Keduanya saling pandang dan mereka tahu bahwa keduanya ingin mundur. Namun, sebelum mereka dapat melakukannya, angin yang sangat kencang dan dahsyat tiba-tiba menerpa. Sosok tongkat hitam gelap menghantam seperti gunung dan tanpa ampun menghancurkan tubuh mereka dengan momentum yang mengejutkan.

“Grug!”

Liu Cheng dan Hu Diao segera memuntahkan seteguk darah segar. Tubuh mereka terlempar ke belakang, mencabut banyak pohon besar di sepanjang jalan. Cahaya keemasan yang berkedip di atas tubuh mereka menjadi redup secara tidak biasa saat ini.

Sosok kuat itu tiba-tiba jatuh dari langit. Ia tampak seperti iblis saat aura ganas dan jahat menyebar. Tongkat logam di tangannya menari-nari dan suara angin kencang terus terdengar.

“Karena kau sudah datang, jangan pergi!!”

Kegarangan muncul di mata Little Flame. Suara rendah dan dalam, bersama dengan niat membunuh, menyebar di hutan ini.

Ekspresi kelompok Liu Cheng menjadi jauh lebih pucat saat mereka melihat segel logam yang dipegang Lin Dong dan juga Little Flame yang memegang batang logam. Mereka segera berteriak dengan nada gelap dan kejam, “Lin Dong, apakah kau benar-benar ingin menjadi musuh kami? Orang-orang yang mendukung kami bukanlah orang-orang kecil sepertimu yang bisa kau hadapi. Lebih baik kau jangan menolak niat baik kami atau kau akan menderita nasib yang lebih buruk!”
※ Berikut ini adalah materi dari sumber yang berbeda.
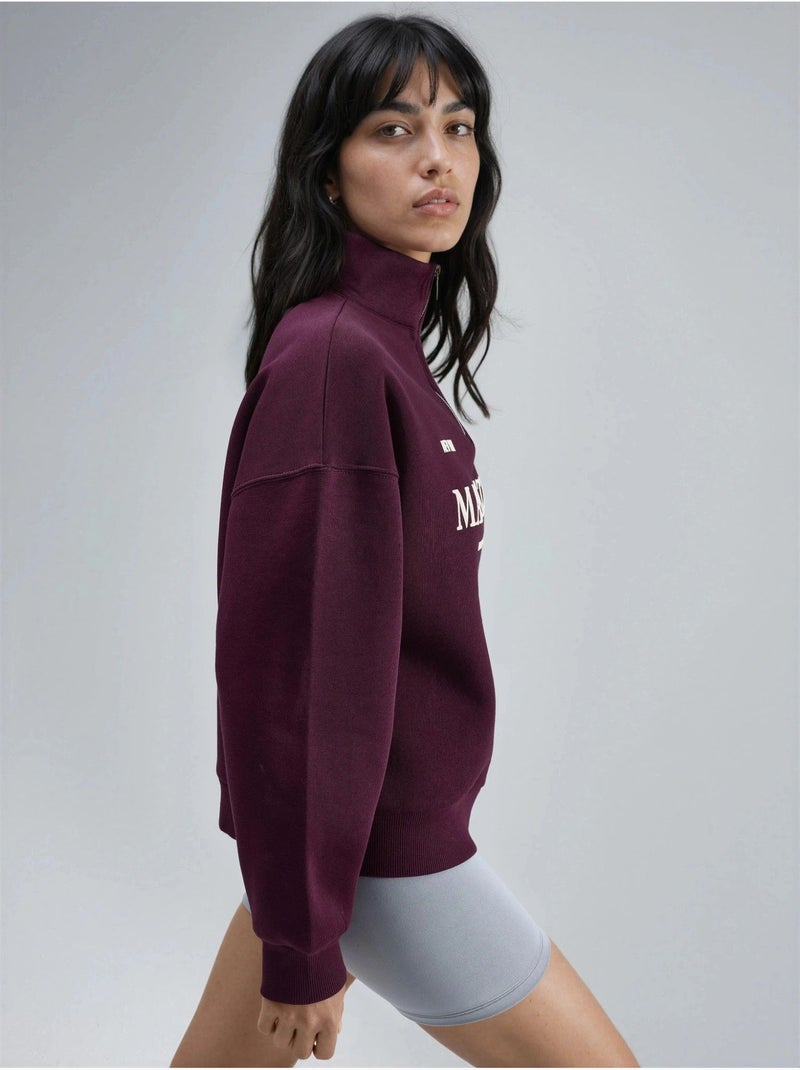 Sudadera con cuello y cremallera y estampado de texto extragrande busem Rojo burdeos - Kiabi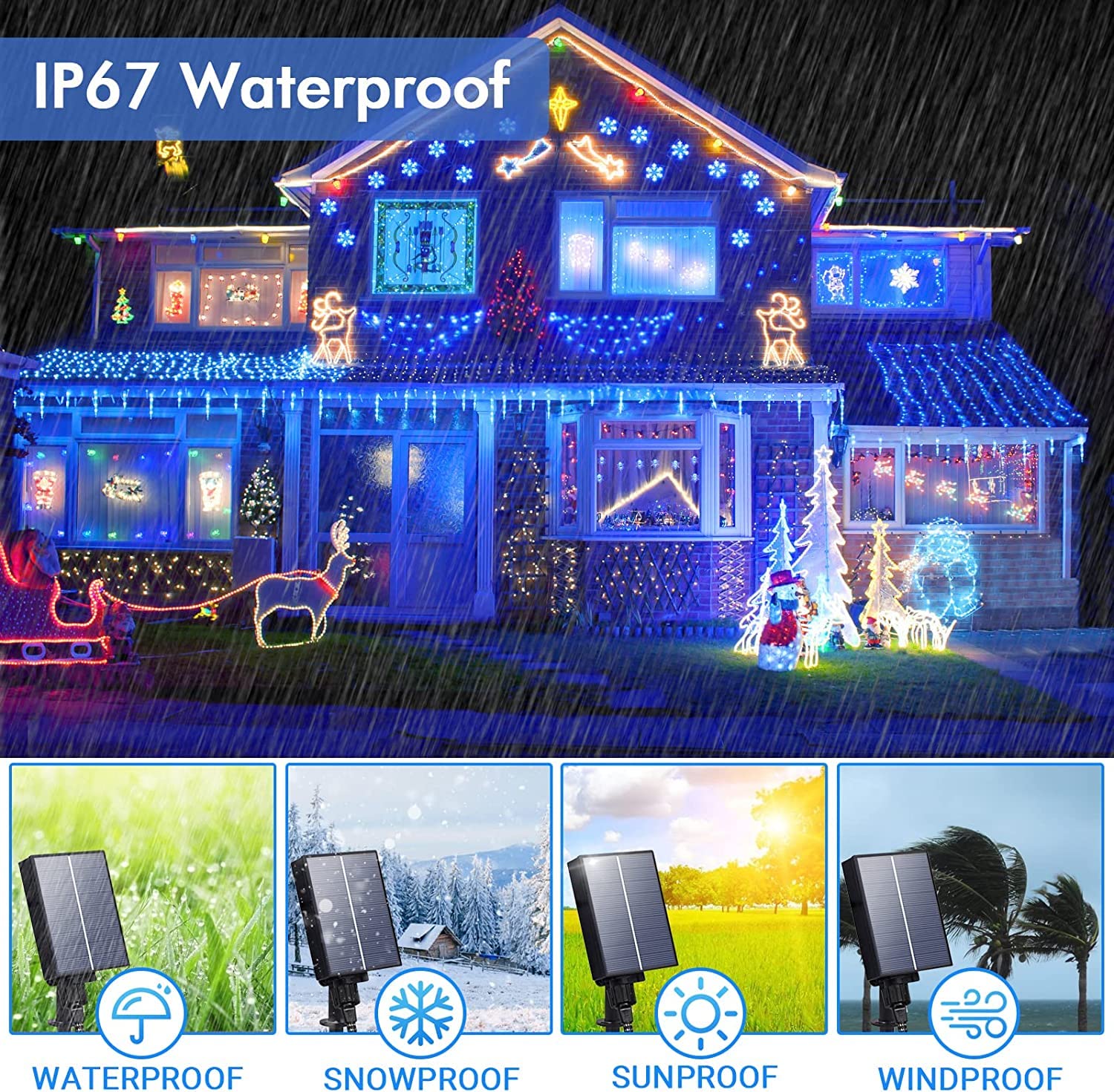 KINGCOO Zewnętrzne lampki solarne 300 LED, wodoodporne, 32 m, przewód miedziany, łańcuch świetlny z pilotem i timerem, do ogrodu, na drzewo, wesele, przyjęcie, Boże Narodzenie, dekoracja (niebieska)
“Kami bersedia mundur dan tidak mencari masalah dengan kalian. Namun, lebih baik kalian jangan meminta terlalu banyak jika diberi sedikit!”

Mata Lin Dong acuh tak acuh. Cahaya hitam melingkar menyebar dari segel hitam di tangannya. Dia menoleh dan menatap mereka berdua, lalu tersenyum. Gigi putih cerahnya dipenuhi dengan rasa dingin di mata kelompok Liu Cheng.

“Tidak perlu mundur. Aku akan mengambil nyawa kalian semua tanpa memandang latar belakang kalian.”

Lin Dong tersenyum. Segel hitam di tangannya segera keluar. Gelombang dahsyat dan ganas yang menakutkan melesat di depan mata Liu Cheng yang dipenuhi kepanikan. Cahaya hitam menyebar dan seekor naga hitam ilusi yang sangat besar perlahan muncul. Tekanan yang mengerikan menyebar dengan tenang.

Roh naga yang ada di dalam ‘Segel Raungan Naga Hitam Langit’ ini sangat kuat. Bahkan Lin Dong terpaksa menggunakan aura Naga Surgawi di dalam tubuhnya untuk mengalahkannya. Meskipun demikian, dia masih nyaris berhasil meraih kemenangan. Dari sini, orang dapat mengetahui betapa menakutkannya kekuatan roh naga ini.

Masing-masing dari dua orang di depan Liu Cheng memiliki kekuatan yang dapat dibandingkan dengan Feng Cang. Jelas, mereka bukanlah orang biasa. Oleh karena itu, Lin Dong dengan tegas menggunakan jurus pembunuh yang begitu kuat secara langsung.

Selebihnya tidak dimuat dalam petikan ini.